Celso de Mello, que se aposentará em novembro, quando completará 75 anos, é crítico de Bolsonaro. Já acusou o presidente de transgredir a separação entre os poderes, de minimizar a Constituição e de não agira “à altura do altíssimo cargo que exerce”.
Nessa ação, os advogados acusam Bolsonaro de quebra de decoro por ataques feitos contra jornalistas, descumprimento às orientações da Organização Mundial de Saúde (OMS) e apoio aos atos que pede o fechamento do Congresso e do Supremo Tribunal Federal (STF).
As violações às orientações da OMS estão entre os motivos mais recorrentes de impeachment contra Bolsonaro. Mas há também pedidos relacionados à disseminação de fake news, durante e após a eleição, e até à publicação no Twitter de um vídeo em que um homem urina sobre o outro durante uma apresentação de Carnaval em São Paulo, em fevereiro do ano passado.
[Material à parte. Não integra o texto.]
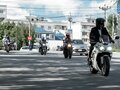 2009 Yamaha FZ1, белый, 800000 рублей - вид 2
“Não tem nenhuma possibilidade de impeachment. Pode ter uma CPI, abrir para ficar investigando, para deixar o Bolsonaro na parede, mas nada além disso”, disse, sob condição de anonimato, um líder próximo a Maia.
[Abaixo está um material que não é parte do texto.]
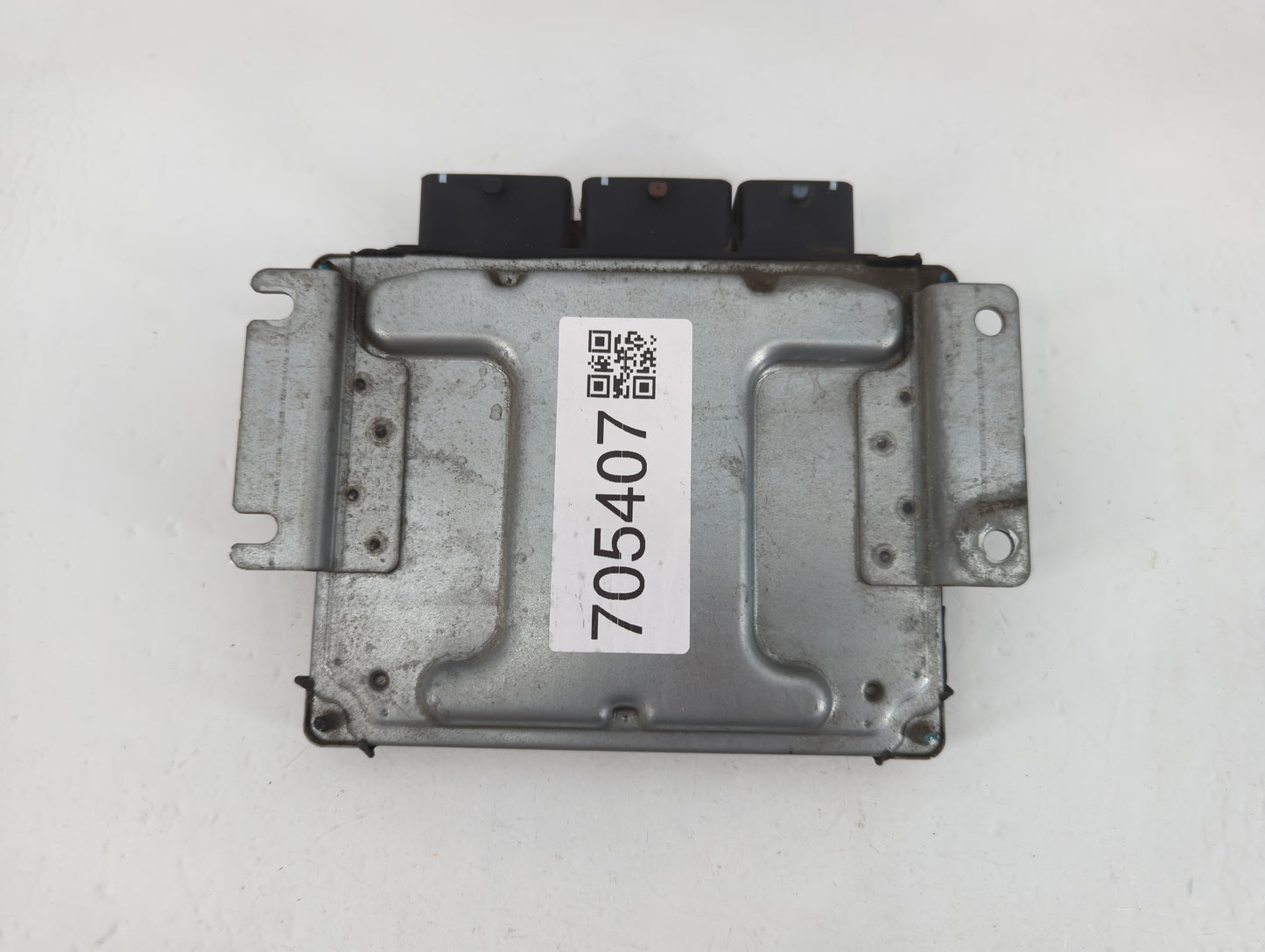 2016-2017 Nissan Altima PCM Engine Control Computer ECU ECM PCU OEM P/N:NEC024-013 758117 Fits Fits 2016 2017 OEM Used Auto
Tão logo foi anunciada a demissão de Moro, a oposição começou a articular a criação de uma comissão parlamentar de inquérito para apurar as acusações de interferência de Bolsonaro na PF .
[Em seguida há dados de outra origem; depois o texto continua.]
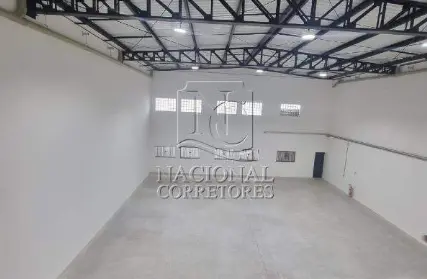 Imagem: Ponto Comercial para Alugar, Jardim São Caetano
Um deputado ligado ao Palácio do Planalto acredita que não há clima para instauração de um processo de impeachment. Segundo ele, isso “seria a política carioca afetando o Brasil”. A fala foi uma referência ao fato de, tanto Maia quanto Bolsonaro, terem suas bases eleitorais no estado do Rio de Janeiro e serem de grupos políticos diferentes.
O líder do DEM na Câmara, Efraim Filho (PB), afirmou que a pauta da Câmara não deverá ser afetada pela nova crise, e os projetos da pauta econômicas e de combate ao coronavírus deverão continuar a ser prioridade do Legislativo.
“Não haverá retaliação nem revanchismo. Congresso continua preocupado com crise de saúde e da economia. Crise política será tratada em paralelo”, disse.
O deputado Ricardo Barros (PP-PR), um dos vice-líderes do governo no Congresso, afirmou que não deve haver mudança nas pautas da Câmara em função da saída de Moro. “A pauta da Câmara nunca esteve atrelada ao Executivo. Vida que segue”.
Para o professor de direito público Antonio Rodrigo Machado, o discurso do agora ex-ministro Sergio Moro é “gravíssimo” e oferece argumentos jurídicos para um impeachment do presidente Jair Bolsonaro. Na avaliação de Machado, há fortes indícios de que o presidente praticou crime de responsabilidade e crimes comuns, o que exige investigação. É preciso, ressalta, avaliar as condições políticas para que pedidos de afastamento avancem ou não dentro do Congresso.
“Moro deixou nas entrelinhas que houve tentativa de interferência do presidente nas investigações da Polícia Federal. Isso já vinha sendo noticiado pela imprensa e pode ter enquadramento de crime de responsabilidade, por improbidade administrativa”, explicou o jurista. “É o momento mais difícil do bolsonarismo. Isso também oferece argumento político para eventual abertura de um processo de impeachment”, acrescentou.